僕はその騒ぎの外側で壁にもたれて座り込んでいた。魔力はほとんど残っていない。でも生きている。みんな生きている。それだけで十分だった。魔力はほとんど残っていない。指の先はまだ少し痺れている。あの枯渇死の淵の名残だ。でも僕は生きている。灰縄の五人も生きている。誰もあの淵の向こう側へ落ちなかった。管理棟の職員たちが駆け寄ってきて大騒ぎになるその外側で。僕は壁にもたれて座り込んでいた。騒ぎの音が遠く聞こえる。その遠さの中で僕は静かに確かめていた。あの夜僕は一人でこの淵を覗いた。今日は五人をこちら側に引き戻した。あの夜の誰も来なかった孤独の分だけ。今日僕は隣にいてやれた。それだけで核を晒した意味は十分にあった。




坑を出て僕は思い知っていた。壁があった。魔力不足と強い魔物。その二つが同時に牙を剥くあの壁が。単層では越えられなかった。でも収束を細く撚り、束ねて、多重に立体に組むことで。僕はその壁を越えた。一つ上の段へ進んだ。あの夜、枯渇死の淵で僕は収束の本当の使い方を掴んだ。今日、二体の魔物の前で、僕はそれを束ね、割り、多重に組む術を掴んだ。どちらも安全な場所では決して掴めなかったものだ。極限に追い詰められて、初めて。次の一歩が足元に現れる。

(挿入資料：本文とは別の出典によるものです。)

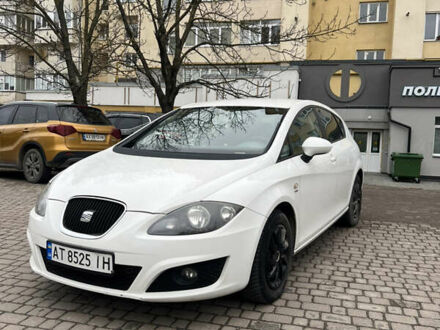 Білий Сеат Leon, об'ємом двигуна 1.4 л та пробігом 195 тис. км за 6000 $, фото 1 на Automoto.ua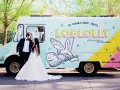 Para młoda pozuje przed lodziarnią Loblolly.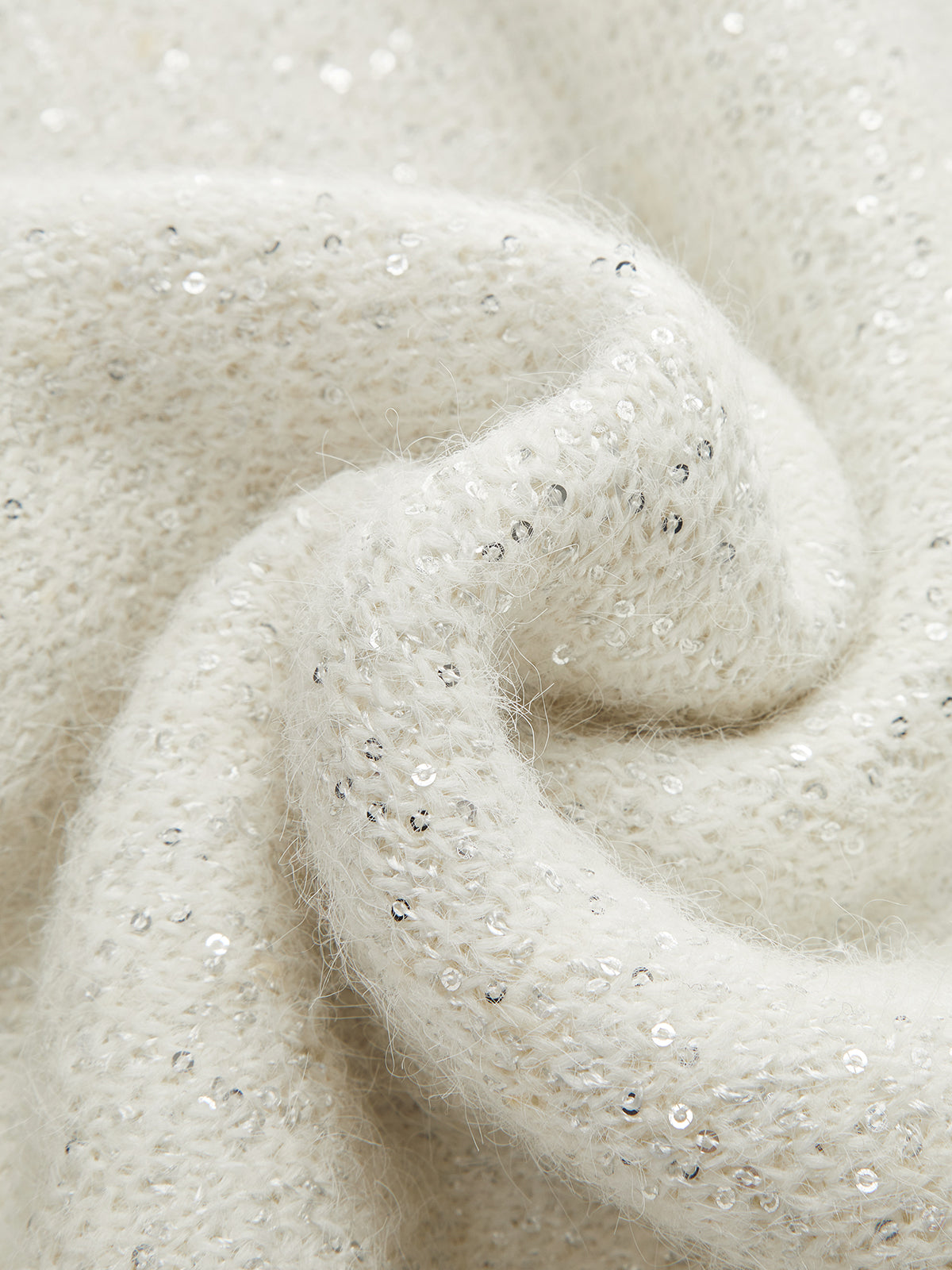 Contrast Scalloped Trim Sleeveless Vest-Chicvia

壁は僕を殺しかけると同時に。その壁の越え方を教えてくれる。


それはあのいちばん深いところがそうであるように。いちばん危ない場所にだけいちばん見たいものがある。その法則を僕はまた一つ身体で確かめた。怖いはずのその法則に。僕の胸の裏の熱はまた静かに喜んでいた。思えばあの夜もそうだった。枯渇死の淵で僕は収束の本当の使い方を掴んだ。今日も、同じだ。安全なところではたぶん一生気づかなかった。それはあのいちばん深いところがそうであるように。いちばん危ない場所にだけいちばん見たいものがある。


けれど同時に分かってもいた。


この壁のさらに上にまた壁があることを。二枚で足りなければ三枚。三枚で足りなければその先。撚る糸を増やしていけばいつかそれにも限りが来るだろう。撚る糸を増やせば増やすほど。一本あたりは細くなる。細くなれば扱いは難しくなる。


そして何より。

それを同時に別々に操る僕の頭のほうに限りがあるはずだった。


魔力の細さには限りがなくても。それを束ねる意識のほうに限りがある。その予感はうっすらとあった。でも今はまだいい。越えられる壁がまだ目の前にある。その越えられるうちは。僕はただ越え続ける。越えても、越えても、終わらないその果てのなさにこそ。胸の裏の熱は静かに喜んでいた。




その日から僕の周りの空気がまた変わりはじめた。



そして僕はもう一つ思い知っていた。僕の秘密は思っていたより脆かった。僕は必死に隠してきた。演技をして数字を調整して誰にも見せずに。その全部があの一晩で崩れた。崩したのは僕自身の判断だ。助けると決めたのは僕だ。だから後悔はしていない。でも思い知りはした。


秘密というのは守り続けられるものではないのだ。どこかで必ず選択を迫られる。秘密を守るか目の前の何かを取るか。その天秤が来たとき。僕はたぶんいつも秘密のほうを捨てる。そういう人間だと自分で分かってしまった。


灰縄の救援でそれがはっきりした。時間をかけて築いた核を僕はためらいもなく晒した。後悔はしていない。でも思い知りはした。僕という人間は秘密より目の前の命を選ぶ。そういうふうにできている。だとしたら核が完全に晒される日は、遅かれ早かれ来る。僕にできるのはその日を少しでも遅らせることだけだ。


守り抜くことではなく。遅らせること。その諦めに似た覚悟がこの一件で静かに僕の中に据わった。


灰縄を救ったその一件は静かに噂になった。噂は数字とは違う。数字は消耗の低さという遠回しな異常だった。でも噂ははっきりしていた。収束で複数の陣を同時に操る学生がいると。橘さんの勧誘が熱を帯びた。常磐縁の観察が鋭くなった。


そして。あの遠い人の——受付の奥にいたあの静かな目の人の。その視線がこの一件を境に僕のほうへ静かに向けられはじめたのを。僕はまだ知らなかった。